START Records

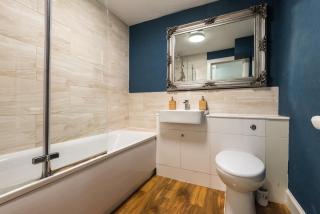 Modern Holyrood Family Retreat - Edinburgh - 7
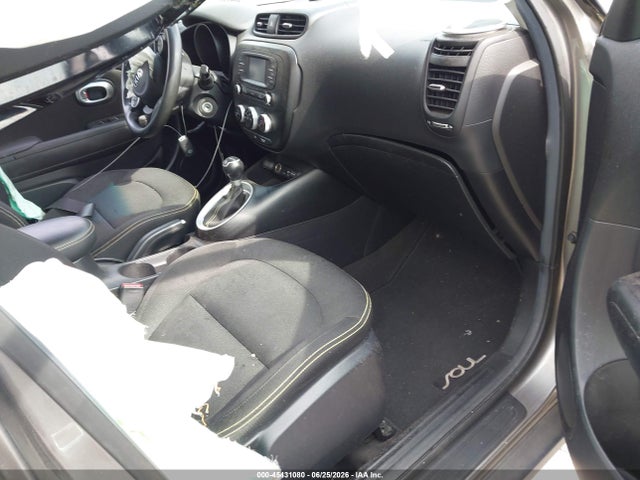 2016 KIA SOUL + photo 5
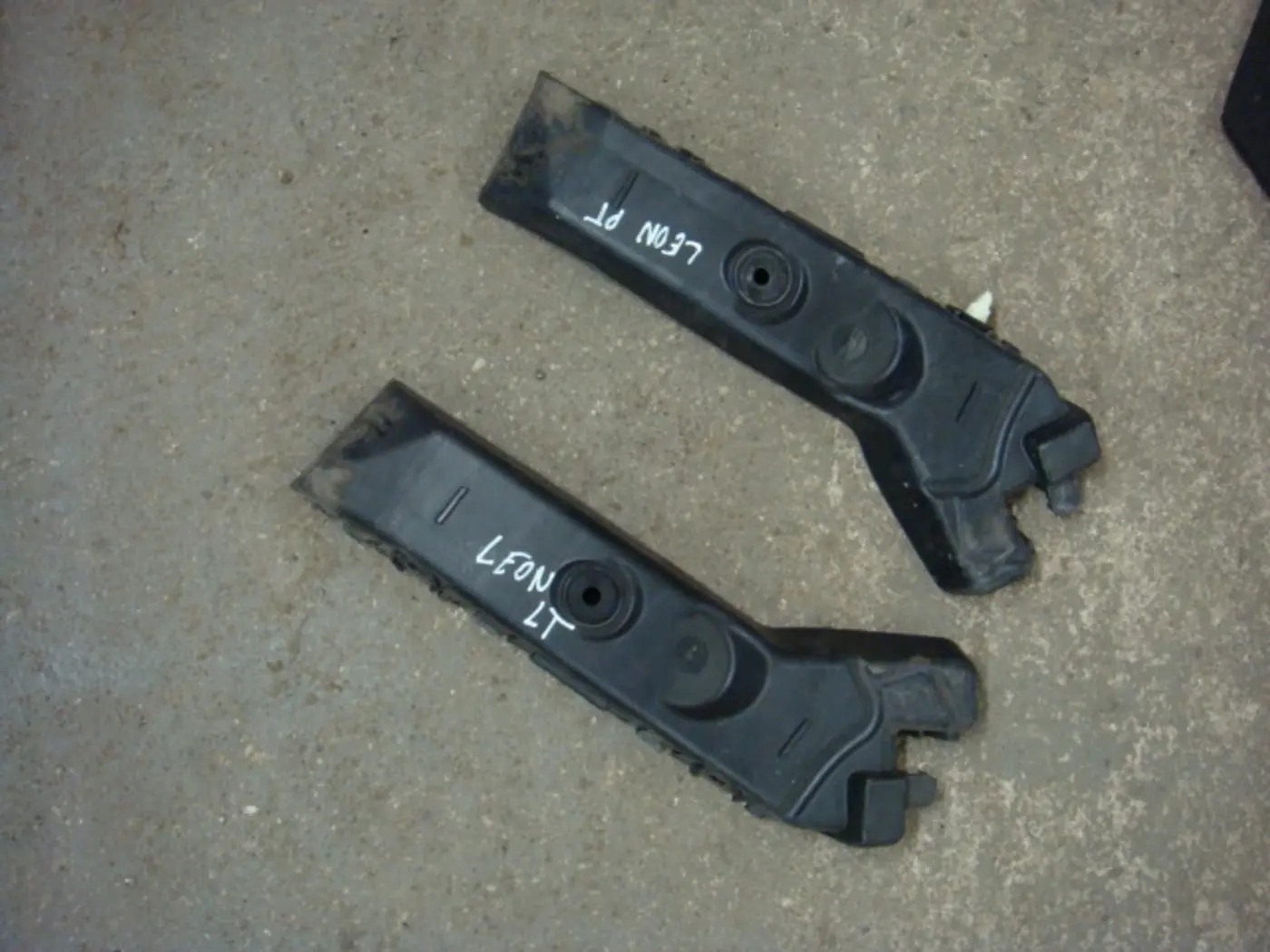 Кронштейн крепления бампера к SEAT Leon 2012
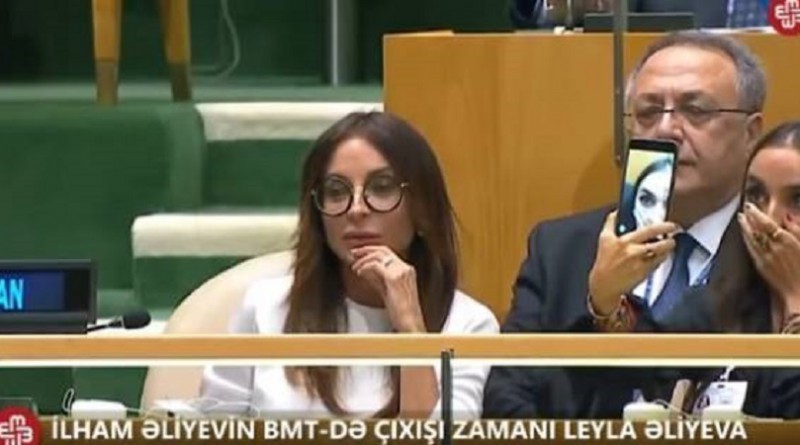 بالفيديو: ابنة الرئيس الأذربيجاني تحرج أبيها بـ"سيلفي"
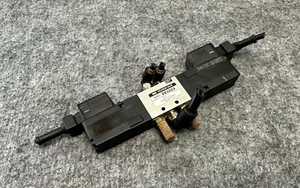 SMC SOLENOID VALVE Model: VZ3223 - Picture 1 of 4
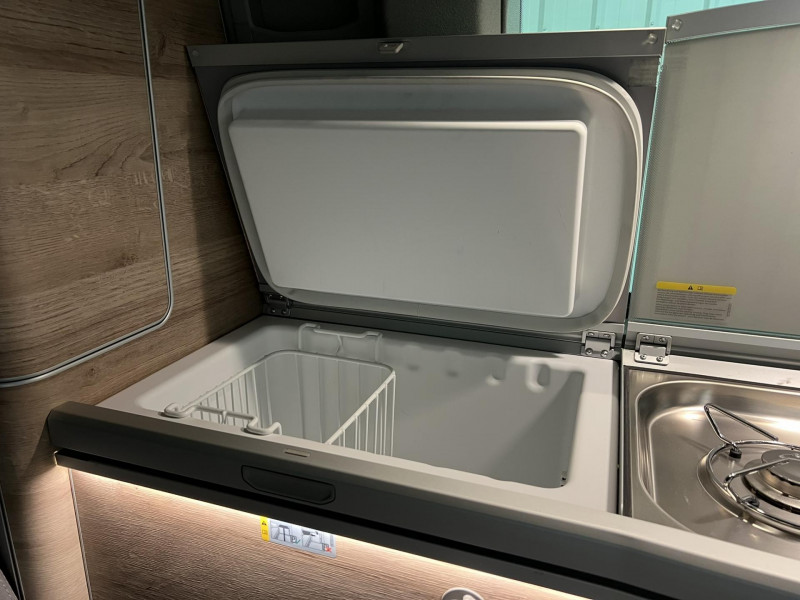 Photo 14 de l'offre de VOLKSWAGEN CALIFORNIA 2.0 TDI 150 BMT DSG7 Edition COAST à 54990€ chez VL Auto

END Records

» **What needs to be done**:
Each entry must be retyped word for word, with every image omitted.

» **Task output**:
 Modern Holyrood Family Retreat - Edinburgh - 7
 2016 KIA SOUL + photo 5
 Кронштейн крепления бампера к SEAT Leon 2012
 بالفيديو: ابنة الرئيس الأذربيجاني تحرج أبيها بـ"سيلفي"
 SMC SOLENOID VALVE Model: VZ3223 - Picture 1 of 4
 Photo 14 de l'offre de VOLKSWAGEN CALIFORNIA 2.0 TDI 150 BMT DSG7 Edition COAST à 54990€ chez VL Auto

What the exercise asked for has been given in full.